= What to do =
Your answer must be only the lines below from the one containing "Black tribal fish" through the one containing "Julia Jordan Sunburst", copied exactly, with the pictures left out.

= Records =
----------------------------------------

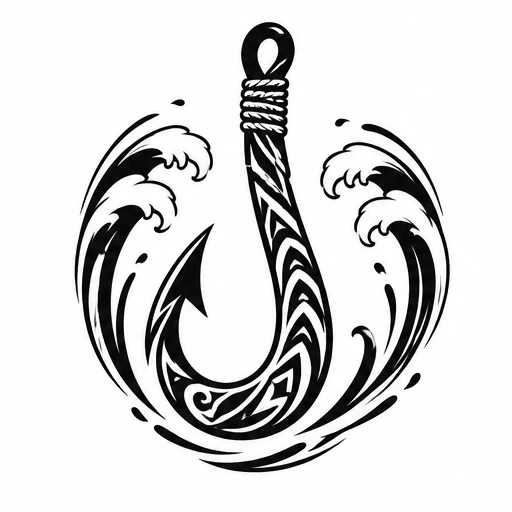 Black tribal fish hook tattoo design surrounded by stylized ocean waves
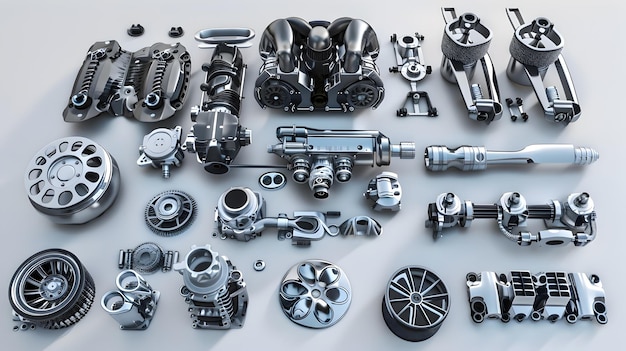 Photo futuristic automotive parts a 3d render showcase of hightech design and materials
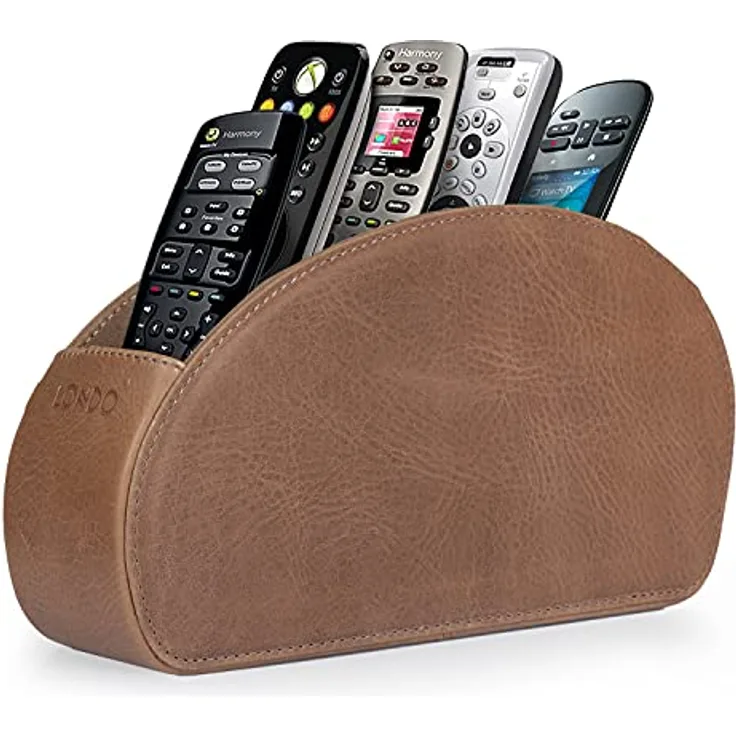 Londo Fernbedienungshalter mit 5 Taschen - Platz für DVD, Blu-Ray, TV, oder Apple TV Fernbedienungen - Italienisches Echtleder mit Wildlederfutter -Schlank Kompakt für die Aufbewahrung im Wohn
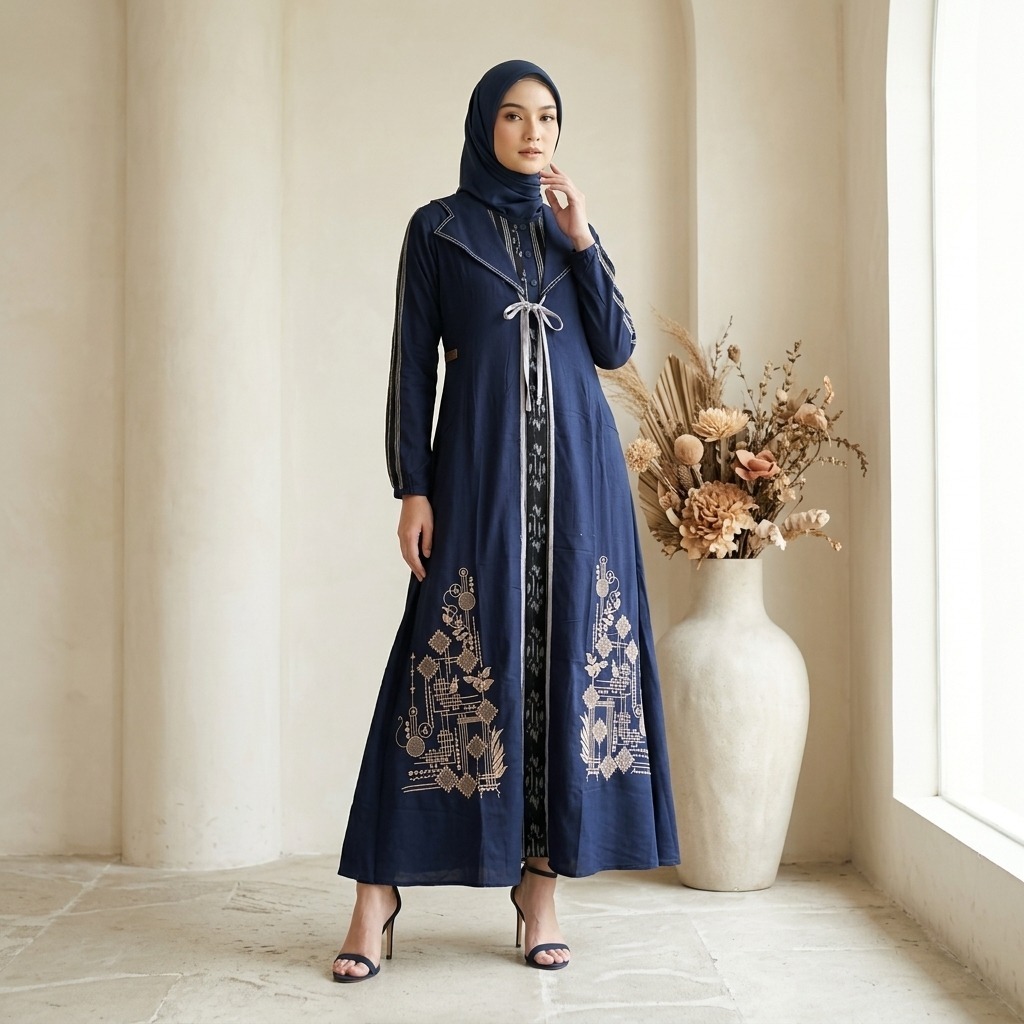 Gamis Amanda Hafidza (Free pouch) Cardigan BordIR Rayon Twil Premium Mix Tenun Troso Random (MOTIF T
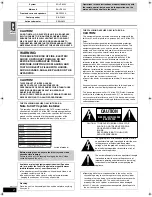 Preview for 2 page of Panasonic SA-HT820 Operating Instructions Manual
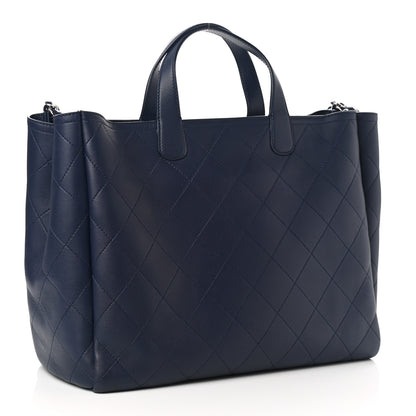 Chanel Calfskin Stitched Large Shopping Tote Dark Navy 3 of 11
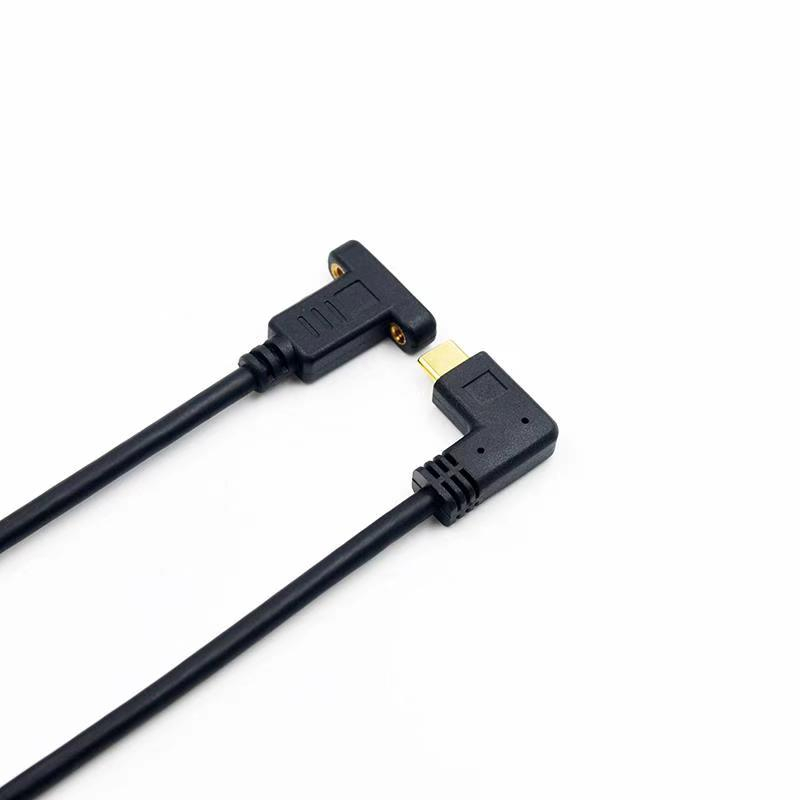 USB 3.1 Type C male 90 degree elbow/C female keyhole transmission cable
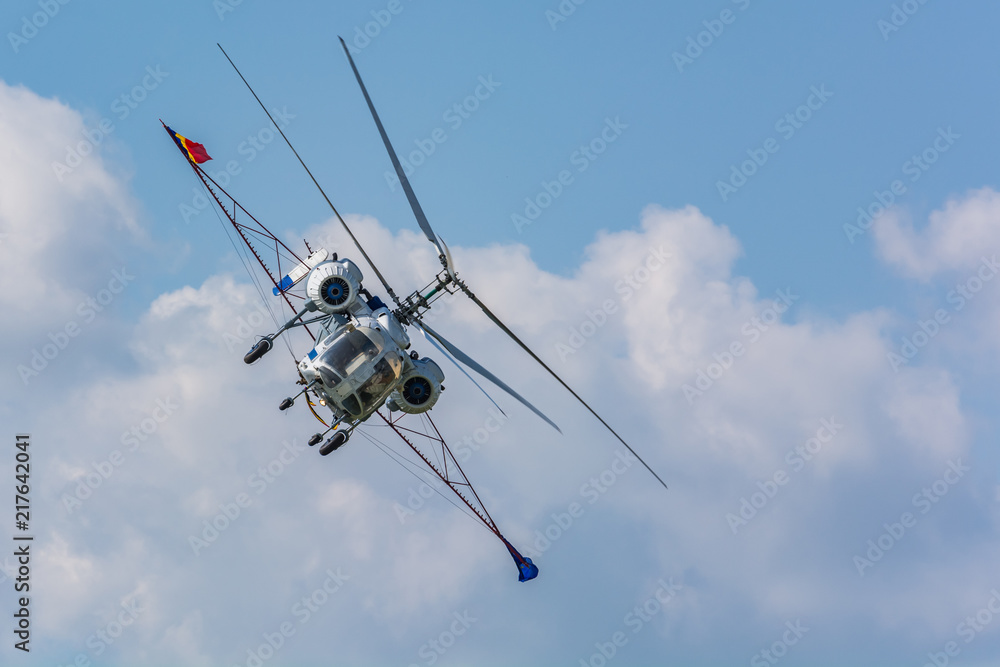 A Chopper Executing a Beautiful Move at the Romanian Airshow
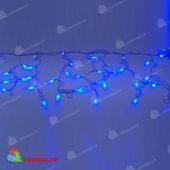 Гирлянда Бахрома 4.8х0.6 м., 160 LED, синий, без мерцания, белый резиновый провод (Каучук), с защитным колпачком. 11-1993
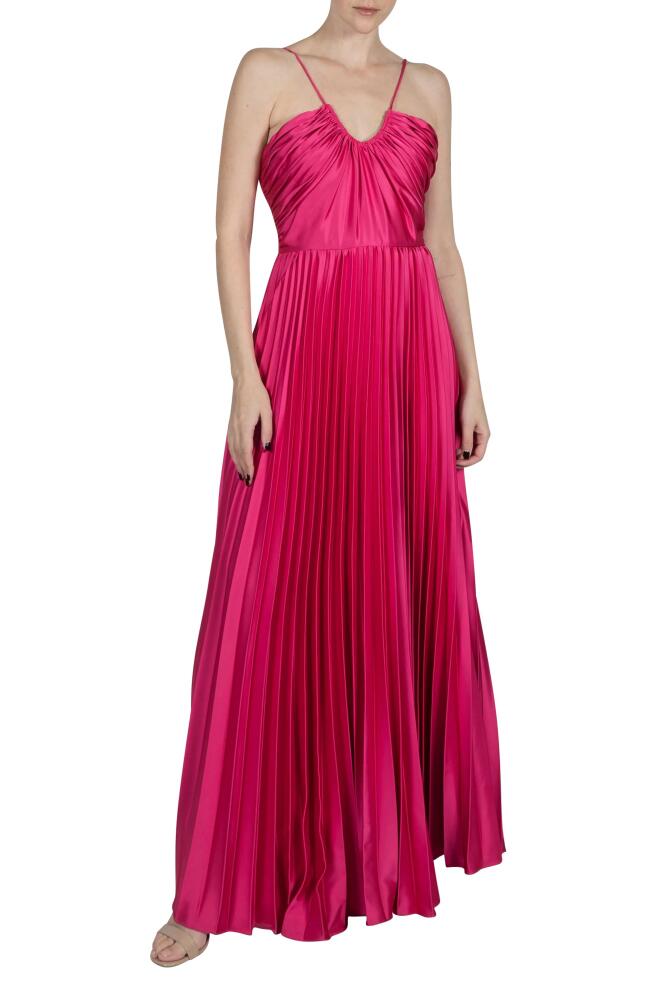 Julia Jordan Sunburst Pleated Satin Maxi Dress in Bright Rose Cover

----------------------------------------

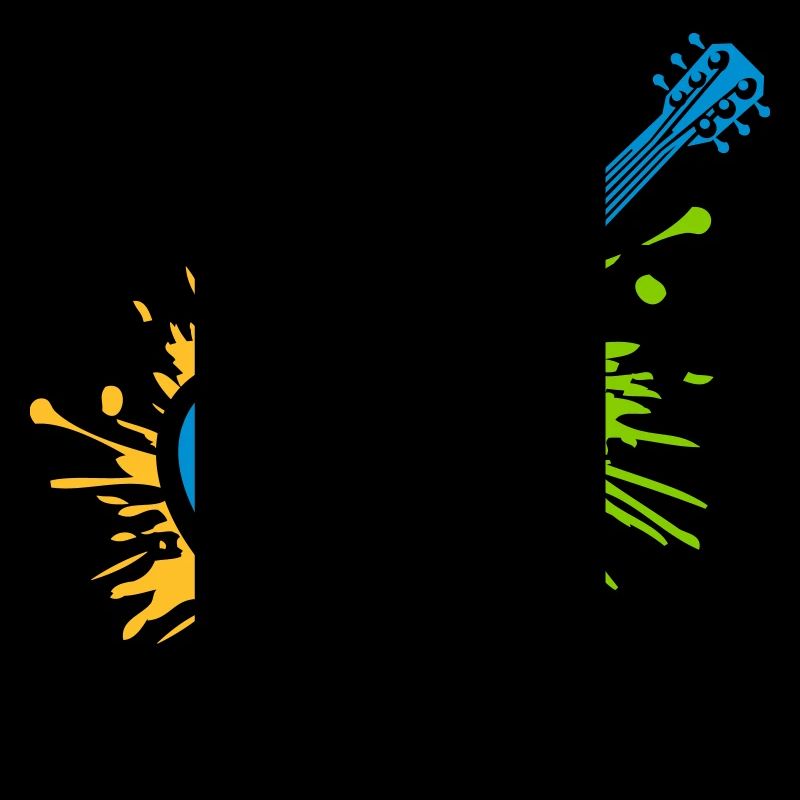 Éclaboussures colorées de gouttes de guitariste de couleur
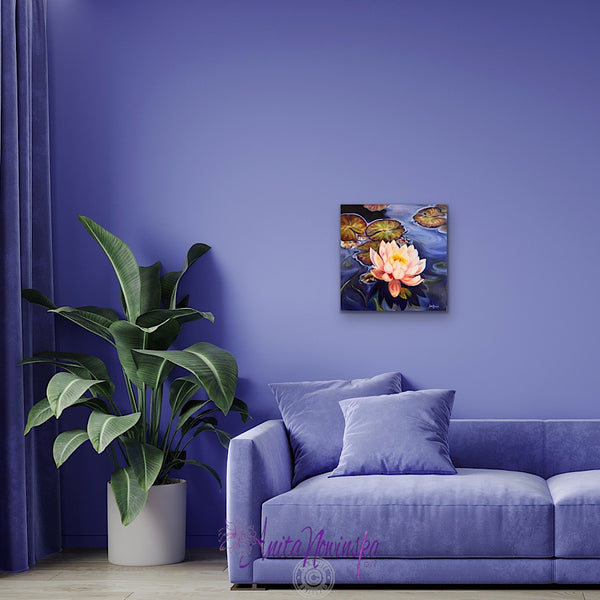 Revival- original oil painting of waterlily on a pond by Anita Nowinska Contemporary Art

----------------------------------------

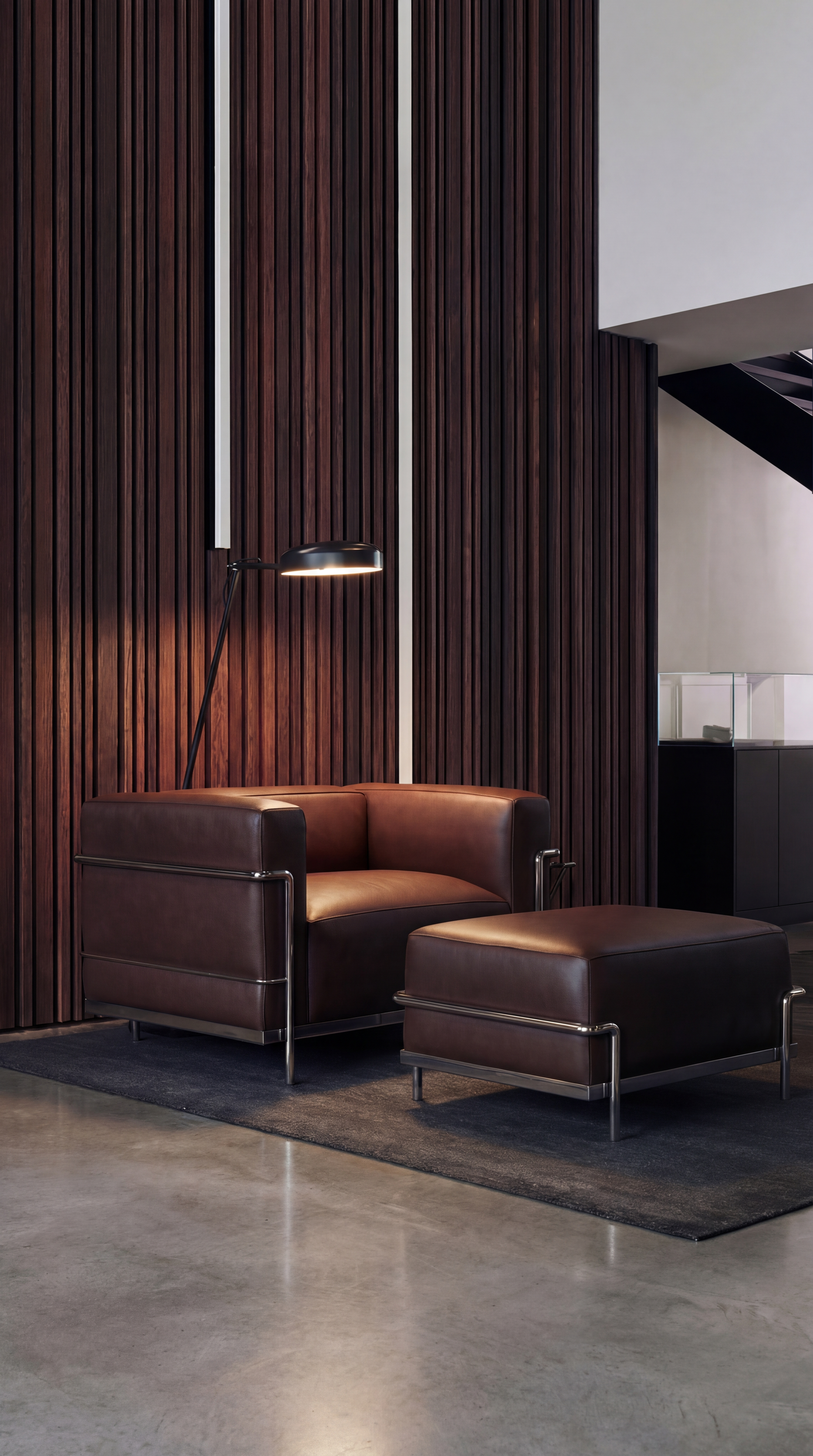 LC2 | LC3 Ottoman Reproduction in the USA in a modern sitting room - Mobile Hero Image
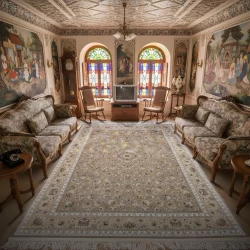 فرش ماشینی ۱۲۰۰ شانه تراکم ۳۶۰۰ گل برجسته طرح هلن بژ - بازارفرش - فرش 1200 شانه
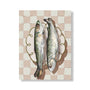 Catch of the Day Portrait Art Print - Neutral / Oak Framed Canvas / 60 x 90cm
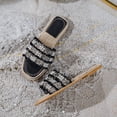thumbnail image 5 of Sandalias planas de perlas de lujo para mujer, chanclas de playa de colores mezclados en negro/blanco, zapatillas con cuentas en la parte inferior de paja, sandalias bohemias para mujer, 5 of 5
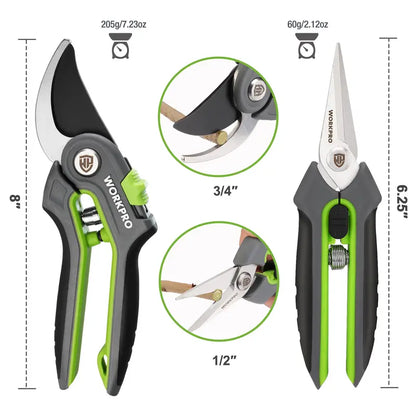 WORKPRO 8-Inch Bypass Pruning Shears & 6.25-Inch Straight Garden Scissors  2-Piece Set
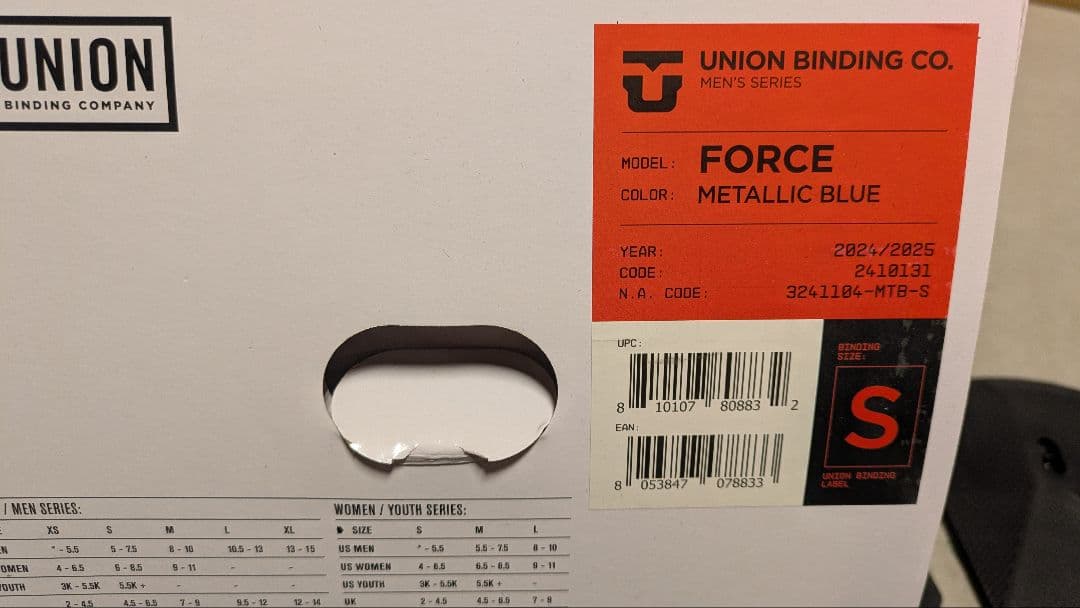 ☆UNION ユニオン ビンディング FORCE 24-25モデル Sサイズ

----------------------------------------

= Task answer =
 Black tribal fish hook tattoo design surrounded by stylized ocean waves
 Photo futuristic automotive parts a 3d render showcase of hightech design and materials
 Londo Fernbedienungshalter mit 5 Taschen - Platz für DVD, Blu-Ray, TV, oder Apple TV Fernbedienungen - Italienisches Echtleder mit Wildlederfutter -Schlank Kompakt für die Aufbewahrung im Wohn
 Gamis Amanda Hafidza (Free pouch) Cardigan BordIR Rayon Twil Premium Mix Tenun Troso Random (MOTIF T
 Preview for 2 page of Panasonic SA-HT820 Operating Instructions Manual
 Chanel Calfskin Stitched Large Shopping Tote Dark Navy 3 of 11
 USB 3.1 Type C male 90 degree elbow/C female keyhole transmission cable
 A Chopper Executing a Beautiful Move at the Romanian Airshow
 Гирлянда Бахрома 4.8х0.6 м., 160 LED, синий, без мерцания, белый резиновый провод (Каучук), с защитным колпачком. 11-1993
 Julia Jordan Sunburst Pleated Satin Maxi Dress in Bright Rose Cover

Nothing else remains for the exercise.